De même que la mortalité ne baisse pas parce que les humains ne veulent plus mourir, la natalité ne baisse pas forcément parce qu’ils ne veulent plus procréer ! Une partie de notre dénatalité est subie, résultant de contraintes pratiques qui brident les projets familiaux : la crise du logement, le travail qui ne paie plus, les modes de garde devenus inaccessibles.
Vous expliquez que le calcul du « coût d’opportunité » pour les générations actuellement en âge de procréer affecte négativement la natalité. Vivons-nous dans une société utilitariste ?

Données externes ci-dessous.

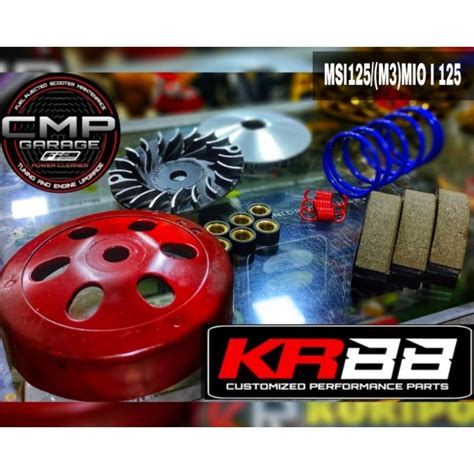 Kr Custom Performance Cvt Parts For Mio I M Msi Gravis Mio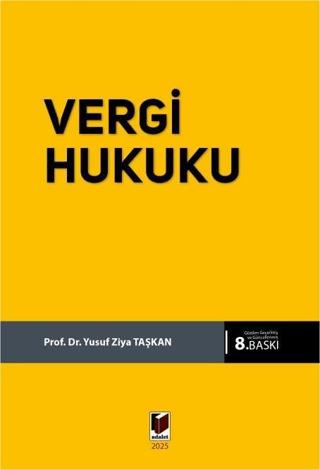 Vergi Hukuku | Adalet Yayınevi (Ciltsiz) - Resim 1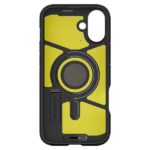 Spigen Tough Armor MAG iPhone 16 6.1" MagSafe gunmetal ACS08215 - imagine 5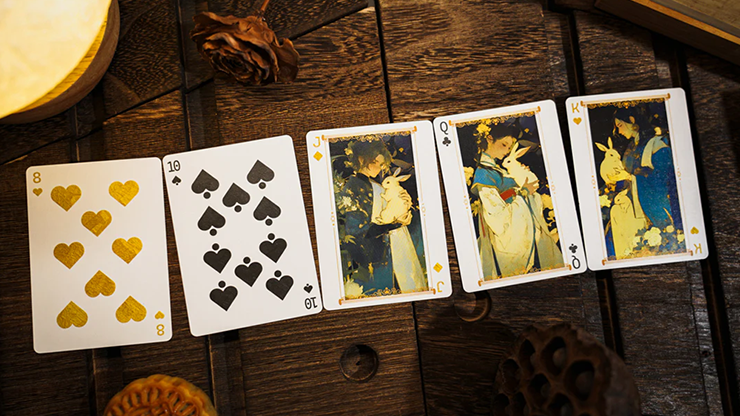 Round Moon Playing Cards - TCC Fashion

Pour parler en termes économiques, la parentalité implique des coûts directs mais aussi des coûts indirects sous la forme d’un coût d’opportunité, c’est-à-dire tout ce à quoi vous renoncez quand vous avez un enfant. Il est beaucoup plus élevé pour les femmes que pour les hommes, elles le payent par des carrières plus heurtées et des rémunérations plus faibles. Ce coût d’opportunité est aussi plus élevé qu’hier car le taux d’activité féminin a été multiplié par quatre sur les cinquante dernières années.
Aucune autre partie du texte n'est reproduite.